So far this year it looks like I'm averaging about 30 books a month.  That's lower than last year, but I am spending more time after work doing things with DH than reading, so it's OK.
But reading is my hobby.  I don't watch much television and I have no kids.  Reading is my main means to unwind when things are stressful.  If I go too long without reading, I get really cranky.


----------



## jbh13md (Aug 1, 2010)

Andra said:


> So far this year it looks like I'm averaging about 30 books a month. That's lower than last year, but I am spending more time after work doing things with DH than reading, so it's OK.
> But reading is my hobby. I don't watch much television and I have no kids. Reading is my main means to unwind when things are stressful. If I go too long without reading, I get really cranky.

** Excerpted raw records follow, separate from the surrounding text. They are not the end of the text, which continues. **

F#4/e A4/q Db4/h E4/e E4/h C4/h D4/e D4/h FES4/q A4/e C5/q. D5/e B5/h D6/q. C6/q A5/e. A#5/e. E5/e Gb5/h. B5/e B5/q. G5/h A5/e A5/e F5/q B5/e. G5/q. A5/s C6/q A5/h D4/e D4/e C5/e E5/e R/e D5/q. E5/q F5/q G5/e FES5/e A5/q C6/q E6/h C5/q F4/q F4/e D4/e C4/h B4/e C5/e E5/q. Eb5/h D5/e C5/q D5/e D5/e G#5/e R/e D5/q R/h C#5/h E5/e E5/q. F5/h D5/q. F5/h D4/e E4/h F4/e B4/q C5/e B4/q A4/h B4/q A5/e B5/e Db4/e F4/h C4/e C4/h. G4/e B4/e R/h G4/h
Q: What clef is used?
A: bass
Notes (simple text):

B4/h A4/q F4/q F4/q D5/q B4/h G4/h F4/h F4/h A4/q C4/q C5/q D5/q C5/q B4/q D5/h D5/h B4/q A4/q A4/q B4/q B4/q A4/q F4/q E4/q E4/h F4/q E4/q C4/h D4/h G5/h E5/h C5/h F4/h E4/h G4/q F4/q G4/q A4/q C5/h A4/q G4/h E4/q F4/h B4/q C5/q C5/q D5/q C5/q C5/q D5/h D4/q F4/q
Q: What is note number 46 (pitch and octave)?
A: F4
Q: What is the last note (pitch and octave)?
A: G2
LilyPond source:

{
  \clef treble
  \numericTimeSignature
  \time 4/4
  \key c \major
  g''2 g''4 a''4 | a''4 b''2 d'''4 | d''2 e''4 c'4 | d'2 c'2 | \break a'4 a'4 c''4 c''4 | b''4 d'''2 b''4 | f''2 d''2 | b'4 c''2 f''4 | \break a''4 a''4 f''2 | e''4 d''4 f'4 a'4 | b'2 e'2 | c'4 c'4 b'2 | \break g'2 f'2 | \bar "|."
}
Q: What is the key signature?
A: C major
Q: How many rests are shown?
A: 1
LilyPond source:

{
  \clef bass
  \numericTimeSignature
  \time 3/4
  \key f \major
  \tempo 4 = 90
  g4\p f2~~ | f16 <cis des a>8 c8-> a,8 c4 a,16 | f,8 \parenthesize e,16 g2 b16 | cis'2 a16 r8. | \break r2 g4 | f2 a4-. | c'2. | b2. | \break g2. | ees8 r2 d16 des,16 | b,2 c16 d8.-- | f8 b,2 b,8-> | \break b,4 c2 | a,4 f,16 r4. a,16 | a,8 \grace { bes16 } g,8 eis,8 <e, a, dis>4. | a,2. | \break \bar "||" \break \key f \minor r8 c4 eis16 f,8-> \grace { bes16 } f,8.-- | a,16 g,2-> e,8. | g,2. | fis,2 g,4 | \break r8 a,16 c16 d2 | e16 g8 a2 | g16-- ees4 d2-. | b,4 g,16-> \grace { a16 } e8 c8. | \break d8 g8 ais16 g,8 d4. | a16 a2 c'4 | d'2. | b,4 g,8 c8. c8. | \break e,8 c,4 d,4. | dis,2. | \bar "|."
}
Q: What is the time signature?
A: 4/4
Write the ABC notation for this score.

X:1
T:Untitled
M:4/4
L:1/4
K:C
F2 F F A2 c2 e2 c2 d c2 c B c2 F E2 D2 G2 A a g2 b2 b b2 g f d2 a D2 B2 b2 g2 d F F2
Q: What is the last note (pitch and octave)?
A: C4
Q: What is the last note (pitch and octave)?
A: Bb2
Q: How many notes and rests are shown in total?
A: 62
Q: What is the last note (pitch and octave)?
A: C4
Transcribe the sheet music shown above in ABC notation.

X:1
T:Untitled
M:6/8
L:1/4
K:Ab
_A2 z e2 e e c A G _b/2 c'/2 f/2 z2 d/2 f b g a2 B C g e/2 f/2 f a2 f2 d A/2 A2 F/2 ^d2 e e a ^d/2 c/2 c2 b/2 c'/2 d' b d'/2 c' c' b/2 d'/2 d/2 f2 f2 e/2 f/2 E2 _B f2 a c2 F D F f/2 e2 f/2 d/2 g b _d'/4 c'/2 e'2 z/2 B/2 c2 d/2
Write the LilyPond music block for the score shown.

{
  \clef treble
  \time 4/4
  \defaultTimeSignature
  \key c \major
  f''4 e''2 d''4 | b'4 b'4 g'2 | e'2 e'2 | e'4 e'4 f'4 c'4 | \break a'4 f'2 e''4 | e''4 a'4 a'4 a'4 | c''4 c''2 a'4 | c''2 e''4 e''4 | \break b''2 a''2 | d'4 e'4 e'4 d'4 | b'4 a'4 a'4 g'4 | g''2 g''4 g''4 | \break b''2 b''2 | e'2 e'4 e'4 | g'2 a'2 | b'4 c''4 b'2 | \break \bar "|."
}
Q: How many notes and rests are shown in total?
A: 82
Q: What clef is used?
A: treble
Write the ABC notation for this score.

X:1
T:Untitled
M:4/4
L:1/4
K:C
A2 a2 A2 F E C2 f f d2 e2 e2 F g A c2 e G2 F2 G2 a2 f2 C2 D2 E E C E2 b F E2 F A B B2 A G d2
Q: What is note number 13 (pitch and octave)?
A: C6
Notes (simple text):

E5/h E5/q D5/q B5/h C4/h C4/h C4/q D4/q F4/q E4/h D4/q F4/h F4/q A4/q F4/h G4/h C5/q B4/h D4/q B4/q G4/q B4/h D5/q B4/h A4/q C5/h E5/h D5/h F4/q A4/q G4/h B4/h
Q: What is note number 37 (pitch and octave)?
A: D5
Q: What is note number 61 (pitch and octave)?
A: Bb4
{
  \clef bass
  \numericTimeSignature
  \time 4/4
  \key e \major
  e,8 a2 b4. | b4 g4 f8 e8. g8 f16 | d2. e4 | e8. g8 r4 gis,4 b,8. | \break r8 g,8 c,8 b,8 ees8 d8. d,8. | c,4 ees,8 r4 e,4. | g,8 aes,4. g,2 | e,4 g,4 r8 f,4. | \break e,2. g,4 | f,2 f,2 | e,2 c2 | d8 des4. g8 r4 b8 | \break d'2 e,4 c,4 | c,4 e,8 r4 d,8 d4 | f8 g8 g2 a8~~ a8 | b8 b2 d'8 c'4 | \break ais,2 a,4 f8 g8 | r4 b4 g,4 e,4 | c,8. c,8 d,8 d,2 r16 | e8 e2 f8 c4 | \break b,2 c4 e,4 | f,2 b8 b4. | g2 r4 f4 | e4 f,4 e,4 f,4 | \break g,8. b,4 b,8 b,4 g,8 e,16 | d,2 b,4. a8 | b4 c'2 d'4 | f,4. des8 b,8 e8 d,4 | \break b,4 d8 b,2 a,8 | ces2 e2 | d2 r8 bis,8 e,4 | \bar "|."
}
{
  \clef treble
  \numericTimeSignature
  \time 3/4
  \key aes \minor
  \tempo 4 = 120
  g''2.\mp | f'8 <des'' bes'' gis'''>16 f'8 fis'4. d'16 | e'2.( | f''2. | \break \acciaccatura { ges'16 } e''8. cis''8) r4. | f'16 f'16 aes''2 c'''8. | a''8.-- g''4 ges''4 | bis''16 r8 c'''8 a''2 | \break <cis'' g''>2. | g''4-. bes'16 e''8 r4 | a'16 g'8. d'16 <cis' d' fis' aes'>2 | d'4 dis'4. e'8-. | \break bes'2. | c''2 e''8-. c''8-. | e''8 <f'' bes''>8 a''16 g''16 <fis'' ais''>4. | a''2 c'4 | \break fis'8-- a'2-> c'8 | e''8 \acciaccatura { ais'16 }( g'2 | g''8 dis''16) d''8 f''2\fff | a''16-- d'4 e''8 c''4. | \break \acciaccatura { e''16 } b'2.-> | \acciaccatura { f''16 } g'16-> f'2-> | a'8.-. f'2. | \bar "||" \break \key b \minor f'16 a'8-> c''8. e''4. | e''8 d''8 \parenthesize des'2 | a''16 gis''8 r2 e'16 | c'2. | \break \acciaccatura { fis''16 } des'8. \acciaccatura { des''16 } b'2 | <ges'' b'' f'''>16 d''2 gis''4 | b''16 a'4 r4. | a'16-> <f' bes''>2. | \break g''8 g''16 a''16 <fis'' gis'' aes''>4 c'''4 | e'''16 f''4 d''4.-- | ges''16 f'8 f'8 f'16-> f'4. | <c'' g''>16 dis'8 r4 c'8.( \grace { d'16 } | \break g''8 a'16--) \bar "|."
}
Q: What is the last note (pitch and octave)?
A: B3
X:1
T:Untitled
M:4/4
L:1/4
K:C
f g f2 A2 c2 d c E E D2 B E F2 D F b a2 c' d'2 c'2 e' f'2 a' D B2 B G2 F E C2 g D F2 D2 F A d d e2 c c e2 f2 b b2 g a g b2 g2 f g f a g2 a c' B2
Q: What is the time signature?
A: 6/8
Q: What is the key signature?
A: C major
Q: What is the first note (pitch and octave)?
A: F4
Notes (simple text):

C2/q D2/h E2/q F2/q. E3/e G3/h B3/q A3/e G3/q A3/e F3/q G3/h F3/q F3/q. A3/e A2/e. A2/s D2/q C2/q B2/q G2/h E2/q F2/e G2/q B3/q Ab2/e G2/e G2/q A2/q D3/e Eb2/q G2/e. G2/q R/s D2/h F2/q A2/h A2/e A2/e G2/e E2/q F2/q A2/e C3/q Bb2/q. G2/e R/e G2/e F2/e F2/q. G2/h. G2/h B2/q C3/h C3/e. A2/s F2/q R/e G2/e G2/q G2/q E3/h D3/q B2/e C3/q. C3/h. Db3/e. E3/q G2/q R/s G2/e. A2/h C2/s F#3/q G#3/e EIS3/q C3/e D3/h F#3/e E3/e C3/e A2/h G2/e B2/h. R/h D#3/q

30 books. That's awesome. I feel good when I read half that many in a month.


----------



## William Meikle (Apr 19, 2010)

Vianka Van Bokkem said:


> *have you read so far this year?* *Did you ever try to write a book?*
> 
> Vianka Van Bokkem


43 read this year so far, and 2 novels written. (and 24 short stories and a film script.)

In the past 20 years I've read over 1000 in total, and written 18 novels, over 300 short stories and a dozen film scripts.

I read.

I write.

A lot.


----------



## Fireheart223 (Oct 3, 2010)

I have close to 80 books on my Kindle, accumulated over the last 7 months. I'd say I normally read give-or-take about two books per week, depending on the length of the books.


----------



## Vianka Van Bokkem (Aug 26, 2010)

williemeikle said:


> 43 read this year so far, and 2 novels written. (and 24 short stories and a film script.)
> 
> In the past 20 years I've read over 1000 in total, and written 18 novels, over 300 short stories and a dozen film scripts.
> 
> ...


Wow, your reading and writing is very impressive! Good job


----------



## Vianka Van Bokkem (Aug 26, 2010)

I want to say "Thank you" to everyone for sharing your nice numbers  


Vianka


----------



## Cliff Ball (Apr 10, 2010)

Having been a English major and graduating in May, I would estimate I have read 50 to 60 books a year, which includes the novels I usually read for personal enjoyment.  In the last two years, I began keeping track  in Word what I read, mostly because I have so many physical copies of books, that I've begun to lose track. I used to read a lot more, but I kind of gotten burned out from reading for school.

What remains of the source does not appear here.